ETF News

LSE and Lehman start European dark pool platform

LONDON (Reuters) - The London Stock Exchange LSE.L plans to set up a pan-European, off-bourse trading platform with Lehman Brothers LEH.N, the groups said, to fend off start-up rivals hurting LSE's business.

The exterior of the world headquarters for Lehman Brothers is seen in New York June 4, 2008. REUTERS/Brendan McDermid

The joint venture called Baikal would offer access to securities across 14 European countries in a so-called dark liquidity trading pool that also offered algorithmic, or computer-driven, trading functions.

“Baikal aims to address the growing complexity of order execution (...) by allowing (...) participants to trade larger orders in a trusted environment, thereby minimizing market impact,” the groups said on Thursday.

The joint venture will start business in the first quarter of 2009, the groups said, and will be headed by LSE’s chief executive, Clara Furse.

The move comes a day after Project Turquoise, an alternative European cash equities trading platform established by a group of big investment banks, said it would go live on August 18.

On Tuesday, NYSE Euronext NYX.N bought 25 percent of the Doha Securities Market for $250 million as western exchanges are looking to boost their presence in booming emerging markets as business in America and Europe slows.

Shares in LSE, Europe’s biggest stock market, have fallen over 50 percent this year amid fears it is losing market share to new trading platforms such as Nomura-owned Instinet’s Chi-X, which offer faster trading execution times.

LSE shares were 5 percent lower, after jumping more than 11 percent in the previous session when Qatar’s sovereign wealth fund said it was in talks with London and German stock exchanges for new partnerships.
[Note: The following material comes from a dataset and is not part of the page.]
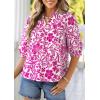 imagePRETTYGARDEN Womens 2026 Summer Floral Blouses Dressy Casual Half Sleeve V Neck Going Out Boho Tops Spring Fashion ClothingRose Red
Rising dissatisfaction from hedge funds with traditional stock exchanges and the European Union’s new MiFID market abuse regulation have sparked the birth of an entire generation of alternative trading venues.

LSE shareholders were enjoying a Middle-Eastern bidding war for the exchange’s business only nine months ago, but much of the takeover speculation has disappeared, now that the exchange’s future looks much tougher and Qatar holds a 15 percent stake in the London-based company.